Can You Use a Different Method to Get Out of Debt?

As you ponder this decision, it might help to consider alternative ways out of debt. For example, if you have some cash that you can access, could you use it to settle your debts? Settling debts is one option people use for this purpose, but there are others. Talking to a bankruptcy lawyer can help you learn the alternative options and make the right decision.

What Will Bankruptcy Cause You to Lose?

The second question to ask is what you stand to lose if you file for bankruptcy. Some people must surrender assets they have when filing, and there are times when people even lose their homes. It is difficult to know what you will lose without talking to an attorney. Therefore, the best thing you can do is meet with an attorney to learn more about the risks of filing for bankruptcy.
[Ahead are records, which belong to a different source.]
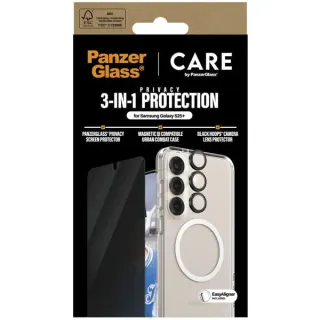 PanzerGlass Flagship 3-in-1 Privacy Set (transparent/weiß, Samsung Galaxy S25+, QI-kompatibel, EasyAligner)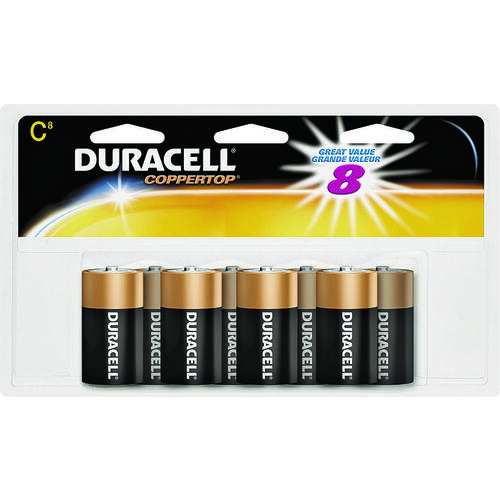DURACELL 004133319435 Battery, 1.5 V Battery, C Battery, Alkaline, Manganese Dioxide - pack of 8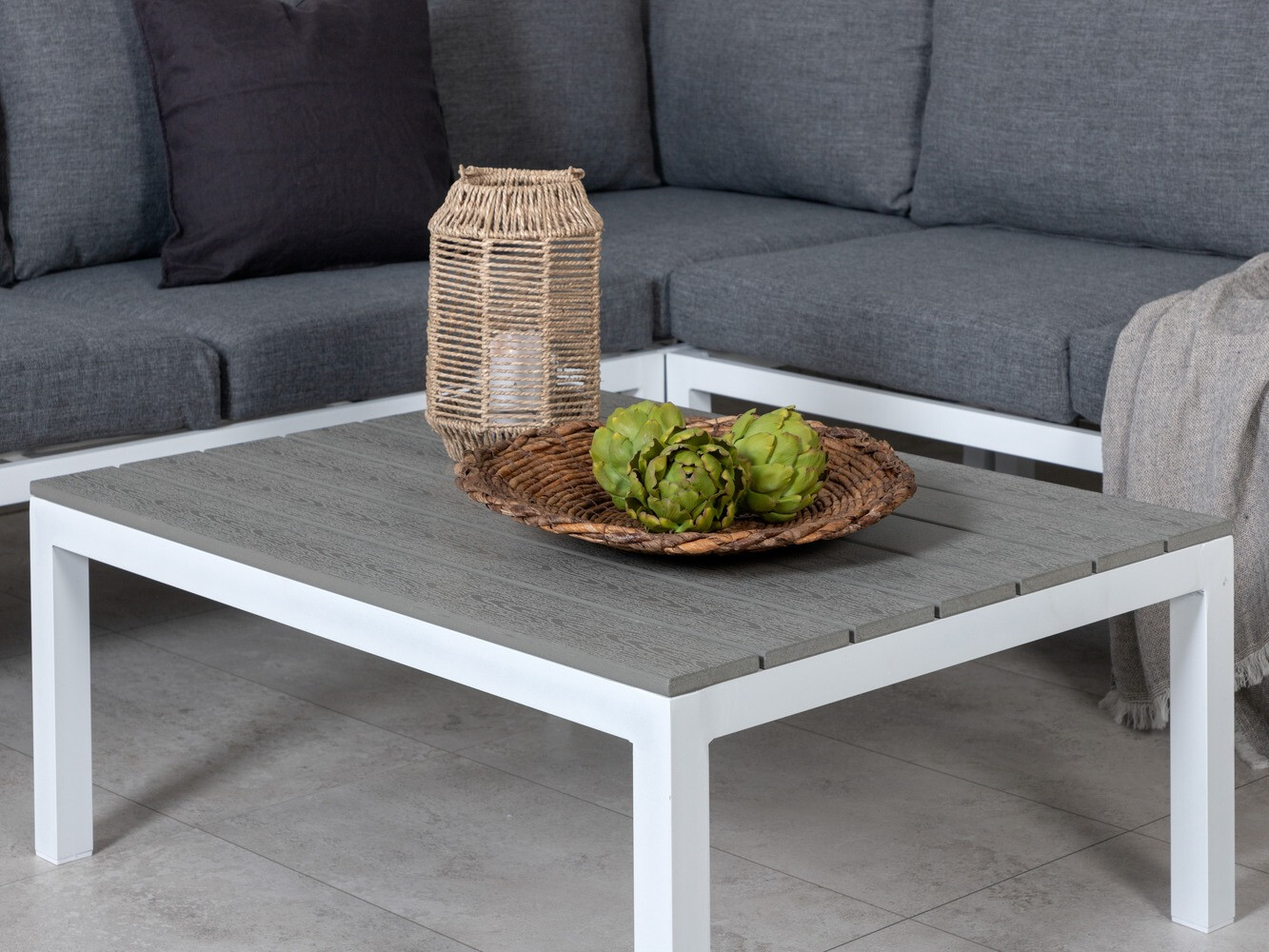 Conjunto de muebles de exterior Dallas 2158 (Blanco + Gris)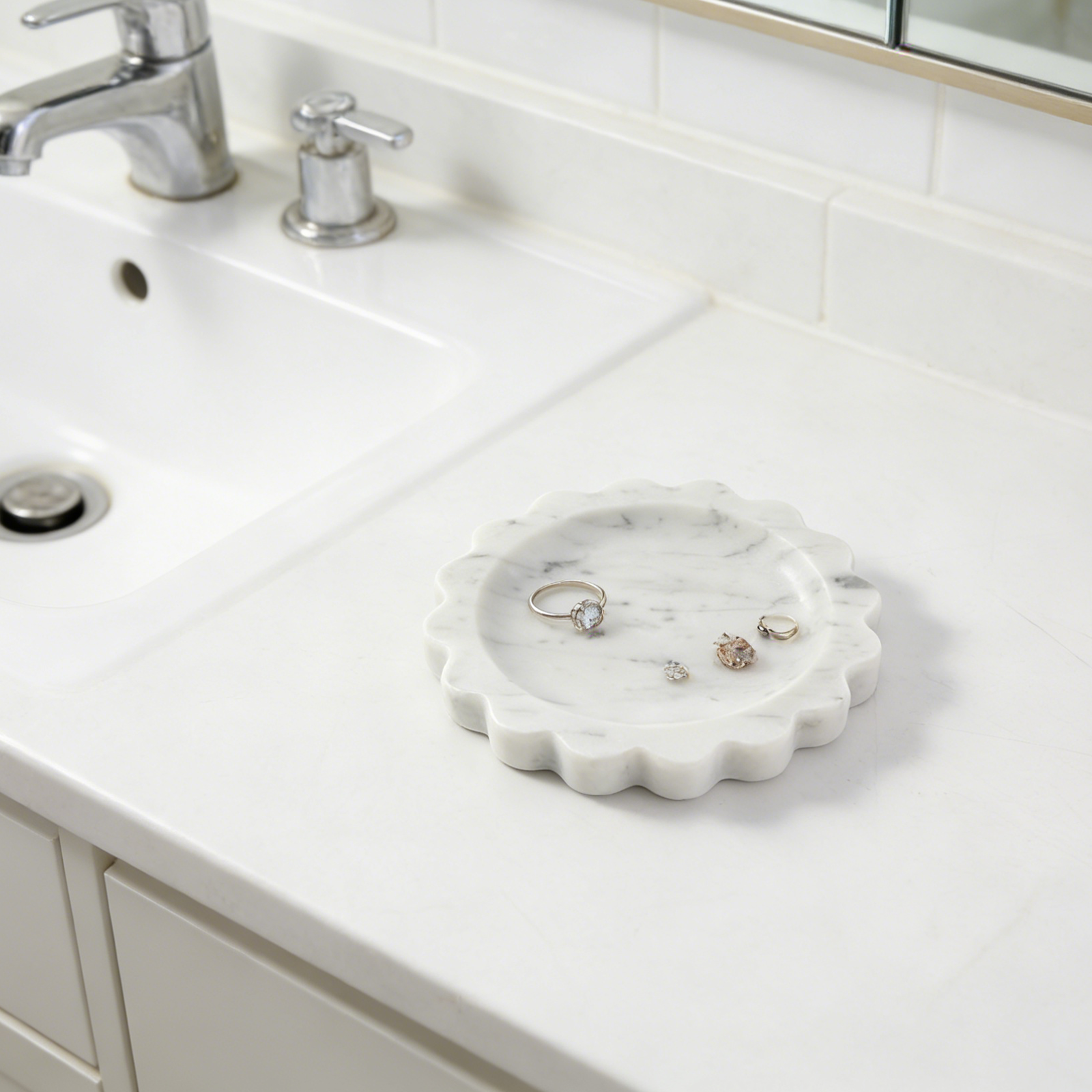 Koville Natural Marble Wavy Edge Storage Tray for Small Items in Bianco Carrara - crafted stone profile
Which Branch Would You Have to Use?

Meeting with a lawyer is especially important to find out which branch you must use if you file. People cannot always use Chapter 7, which is the more preferred option by many. Instead, some may only be eligible for Chapter 13. Chapter 13 is not a bad idea, but it takes longer and requires that you repay your debts. As a result, many people prefer Chapter 7.

Do You Understand the Long-Term Effects?

The final thing to ask about is the long-term effects of bankruptcy. Bankruptcy is an event that takes time. If you use Chapter 7, it will take around six months. If you use Chapter 13, it may take five years or longer. The time it takes is one of several effects that you should consider when deciding. The second one is the effects on your credit report. The court posts an entry on a person's credit file when they file, and it will not leave the report for 7 to 10 years.